== WORK TO COMPLETE ==
In the records below, find the line containing "106 Tecumseh Ln, Loudon, TN" and print it and every line after it exactly, through the end. Skip pictures.

================

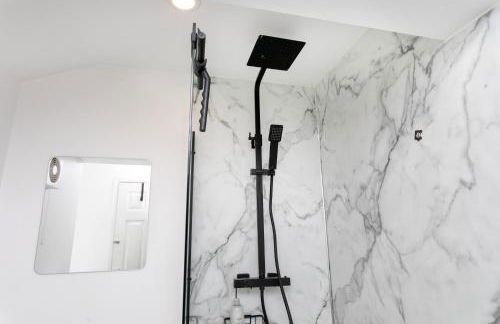 Contractors Stay - Free Parking - Fast WiFi - Sleeps 4 - Foto 21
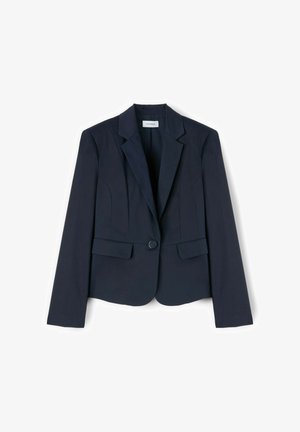Blazer blu navy scuro su misura con chiusura a un bottone, rever a lancia, maniche lunghe e due tasche frontali con patta, steso su sfondo bianco.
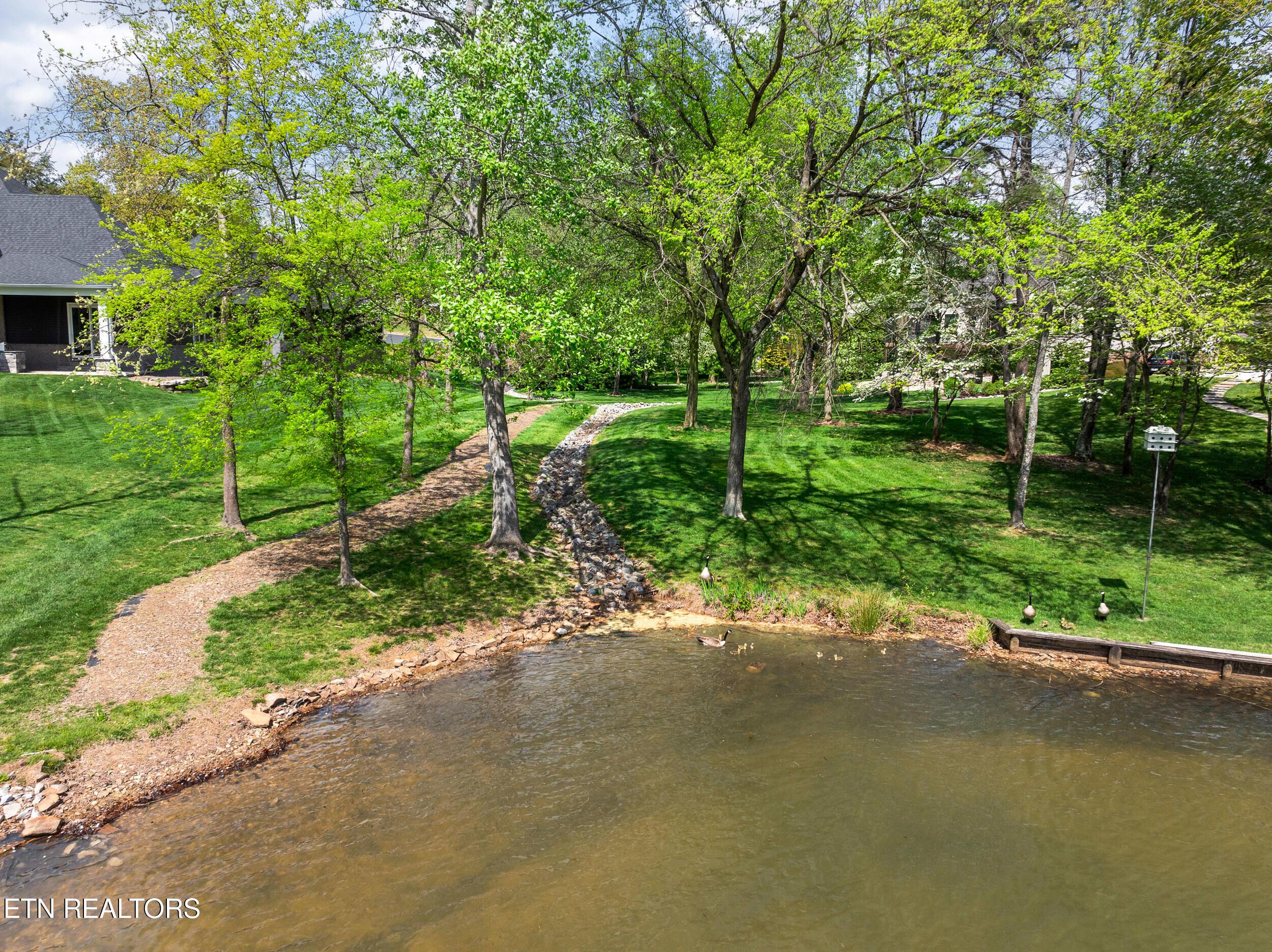 106 Tecumseh Ln, Loudon, TN - Fort Loudoun and Tellico Lake Real Estate - Image# 59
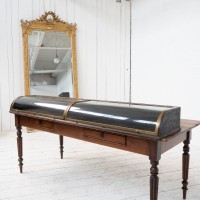 Imposante vitrine à poser en laiton, 1920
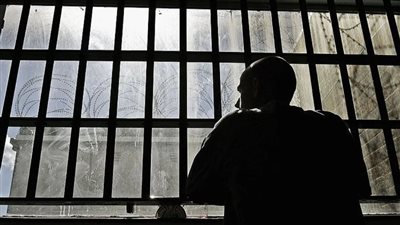 أسير فلسطيني للجارديان: السجون الإسرائيلية كانت جبهة ثانية للإبادة وحدّة التعذيب زادت في أكتوبر 2023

================

== TASK SOLUTION ==
 106 Tecumseh Ln, Loudon, TN - Fort Loudoun and Tellico Lake Real Estate - Image# 59
 Imposante vitrine à poser en laiton, 1920
 أسير فلسطيني للجارديان: السجون الإسرائيلية كانت جبهة ثانية للإبادة وحدّة التعذيب زادت في أكتوبر 2023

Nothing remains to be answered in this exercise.